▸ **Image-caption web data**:

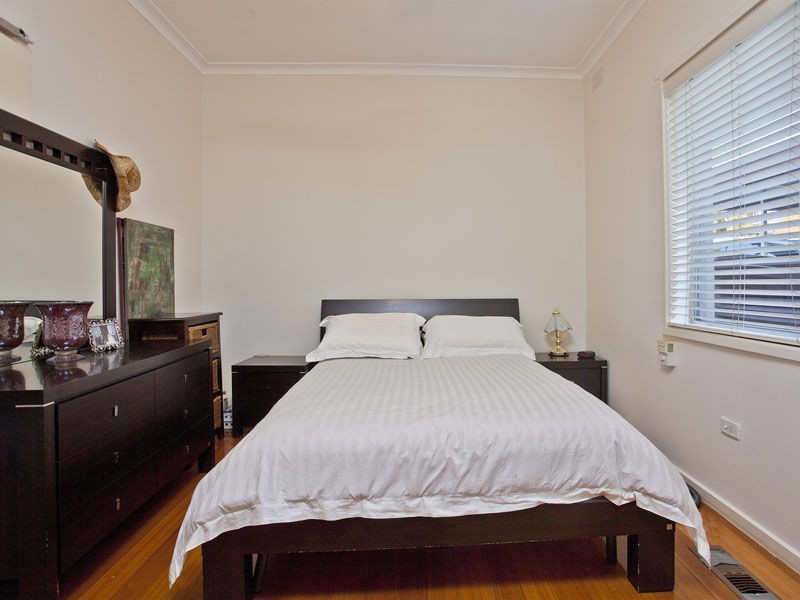 204 Mascoma Street, Strathmore VIC 3041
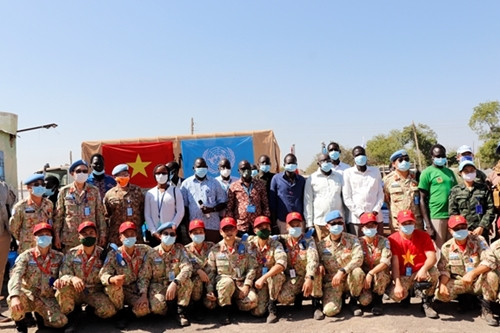 来自在南苏丹执行任务的越南野战医院之特殊礼物 ảnh 7 来自在南苏丹执行任务的越南野战医院之特殊礼物 ảnh 7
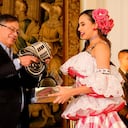 A la izquierda, Gustavo Petro, presidente de Colombia. A la derecha, Natalia de Castro, reina del Carnaval 2023.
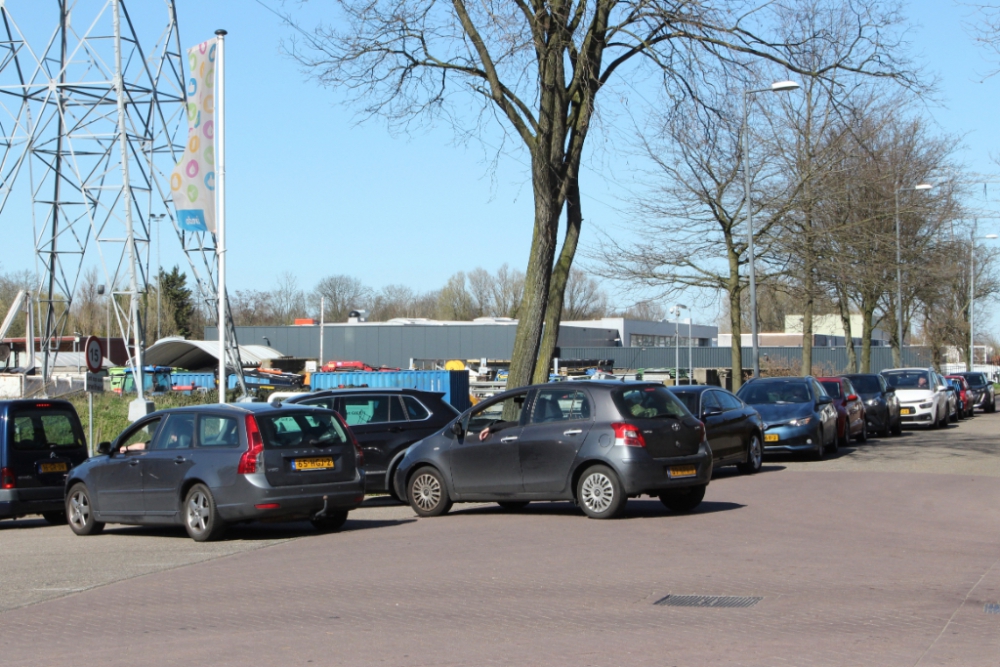 Lange wachttijden bij de milieustraat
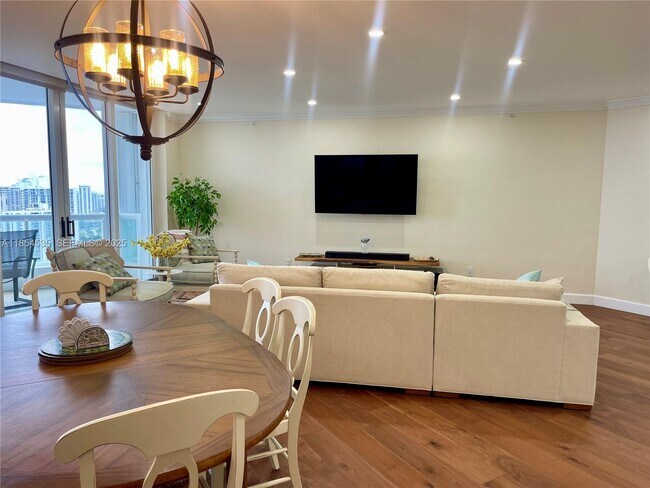 Building Photo - 21050 Point Pl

▸ **Aim of the task**:
Every line above should be copied exactly, apart from any pictures.

▸ **Task response**:
 204 Mascoma Street, Strathmore VIC 3041
 来自在南苏丹执行任务的越南野战医院之特殊礼物 ảnh 7 来自在南苏丹执行任务的越南野战医院之特殊礼物 ảnh 7
 A la izquierda, Gustavo Petro, presidente de Colombia. A la derecha, Natalia de Castro, reina del Carnaval 2023.
 Lange wachttijden bij de milieustraat
 Building Photo - 21050 Point Pl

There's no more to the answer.